### ACTIVITY
Word for word, restate the listing that follows and leave out the images.

### DATA SHOWN
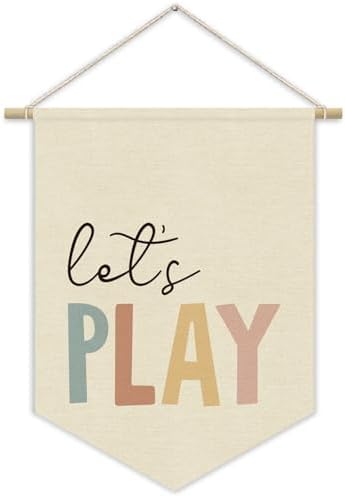 Playroom Sign Decor Let's Play Canvas Banner, Nursery Classroom Wall Art Canvas by Unknown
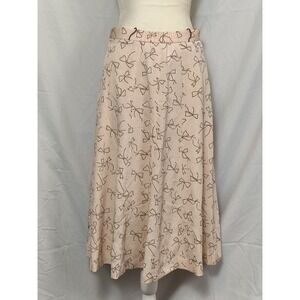 VTG Japanese Coquette Bow Midi Skirt Soft Girl A-Line Blush Pink Approx Size 6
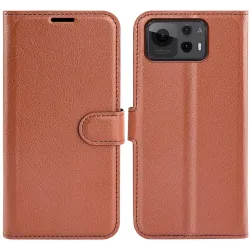 Coque portefeuille Phonesta Litchi Skin pour Asus Zenfone 12 Ultra - Marron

### EXPECTED ANSWER
 Playroom Sign Decor Let's Play Canvas Banner, Nursery Classroom Wall Art Canvas by Unknown
 VTG Japanese Coquette Bow Midi Skirt Soft Girl A-Line Blush Pink Approx Size 6
 Coque portefeuille Phonesta Litchi Skin pour Asus Zenfone 12 Ultra - Marron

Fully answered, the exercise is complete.